-- DATASET ENTRIES follows --

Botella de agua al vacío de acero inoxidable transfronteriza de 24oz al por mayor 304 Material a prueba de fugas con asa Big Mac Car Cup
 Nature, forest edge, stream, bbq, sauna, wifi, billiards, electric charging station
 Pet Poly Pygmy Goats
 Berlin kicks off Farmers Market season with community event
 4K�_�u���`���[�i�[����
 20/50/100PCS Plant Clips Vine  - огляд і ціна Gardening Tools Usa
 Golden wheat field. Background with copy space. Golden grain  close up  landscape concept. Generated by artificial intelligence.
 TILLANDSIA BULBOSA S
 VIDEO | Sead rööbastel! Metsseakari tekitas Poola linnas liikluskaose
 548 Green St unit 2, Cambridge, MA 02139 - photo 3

-- DATASET ENTRIES concluded --

- [AIM OF THE EXERCISE] A full, exact copy of the entries is the required answer.

- [EXERCISE ANSWER]
Botella de agua al vacío de acero inoxidable transfronteriza de 24oz al por mayor 304 Material a prueba de fugas con asa Big Mac Car Cup
 Nature, forest edge, stream, bbq, sauna, wifi, billiards, electric charging station
 Pet Poly Pygmy Goats
 Berlin kicks off Farmers Market season with community event
 4K�_�u���`���[�i�[����
 20/50/100PCS Plant Clips Vine  - огляд і ціна Gardening Tools Usa
 Golden wheat field. Background with copy space. Golden grain  close up  landscape concept. Generated by artificial intelligence.
 TILLANDSIA BULBOSA S
 VIDEO | Sead rööbastel! Metsseakari tekitas Poola linnas liikluskaose
 548 Green St unit 2, Cambridge, MA 02139 - photo 3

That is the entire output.